Recently in Seattle, the prestigious American Association for the Advancement of Science (AAAS) did its annual braying about science as the ultimate expression of humanity. Newspapers, periodicals, radio and TV filled with nearly verbatim releases answering scepticism with "If you don't believe it, ask me!"
In reporting this annual extravaganza, the very conservative newspaper the Economist (22 Feb, p. 18) noted, ". . . for the layman, who will always need an interpreter to keep abreast of new discoveries, some familiarity with the scientific method is at least a way to keep the interpreters honest. A person equipped should be better able to make sense of the claims made by those who invoke science in debates over the environment, abortion, public health and the like. He may even make sense of the week's effluxion of gee-whizzery from Seattle." I suspect that this is the Economist's subtle way of advising readers that the outputs of AAAS need to be carefully shoveled when picked up.
Ever mindful that "science" is routinely invoked to convince the unwary that smoking tobacco is harmless and such, I think all the AAAS frippery borders on the unethical, a concept perhaps unscientific although palpable. Essentially, most of what outrages me about scientific institutional behavior boils down to ethical questions.
Writing in the Harvard Business Review (July-August 1986) Saul Gellerman, a business school dean and prolific author on management, asks, ". . . how usually honest, intelligent, compassionate human beings could act in ways that are callous, dishonest and wrongheaded." He goes on to outline ". . . four rationalizations that people have relied on through the ages to justify questionable conduct:
** A belief that the activity is within reasonable ethical and legal limits--that is, that it is not 'really' illegal or immoral;
** A belief that the activity is in the individual's or the corporation's best interests--that the individual would somehow be expected to undertake the activity;
** A belief that the activity is 'safe' because it will not be found out or publicized; the classic crime and punishment issue of discovery or
** A belief that because the activity helps the company the company will condone it and even protect the person who engages in it.

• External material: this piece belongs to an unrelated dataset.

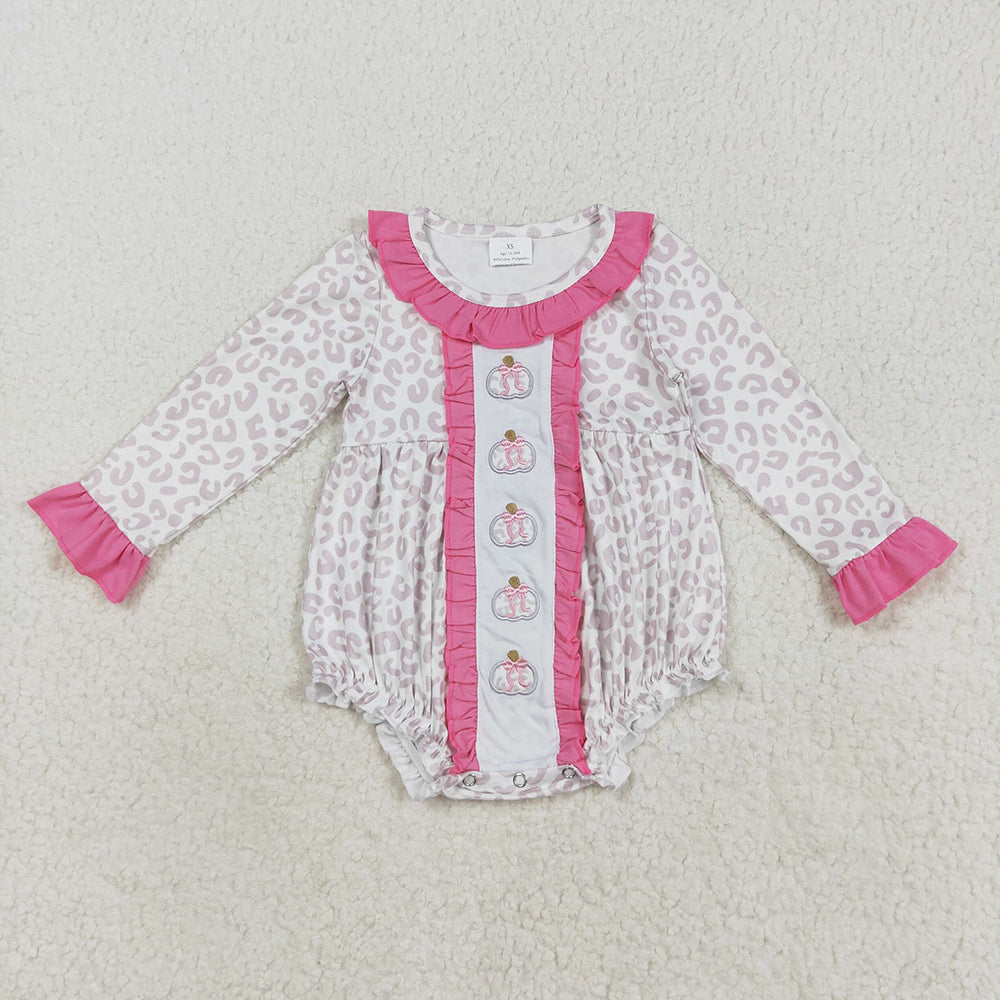 Sibling Embroidery Bows Pumpkins Baby Girls Leopard Fall Rompers Dresses Outfits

Gellerman notes that Amatai Etzioni, a distinguished sociologist, "... recently concluded that in the last ten years [1976-1985], roughly two-thirds of America's 500 largest corporations have been involved, in varying degrees, in some form of illegal behavior." Gellerman goes looking for "... the roots of the kind of misconduct that not only ruins some people's lives, destroys institutions and gives business as a whole a bad name but that also inflicts real and lasting harm on a large number of innocent people."
By way of guidelines, Gellerman suggests that "... managers are not paid to take risks; they are paid to know which risks are worth taking. Also, maximizing profits is a company's second priority. The first is ensuring its survival." "The smartest managers already know that the best answer to the question, 'How far is too far?' is don't try to find out." "...The real interests of the company are served by honest conduct in the first place." "Since the main deterrent to illegal or unethical behavior is the perceived probability of detection, managers should make an example of people who are detected." Finally, "Top management has a responsibility to exert a moral force within the company."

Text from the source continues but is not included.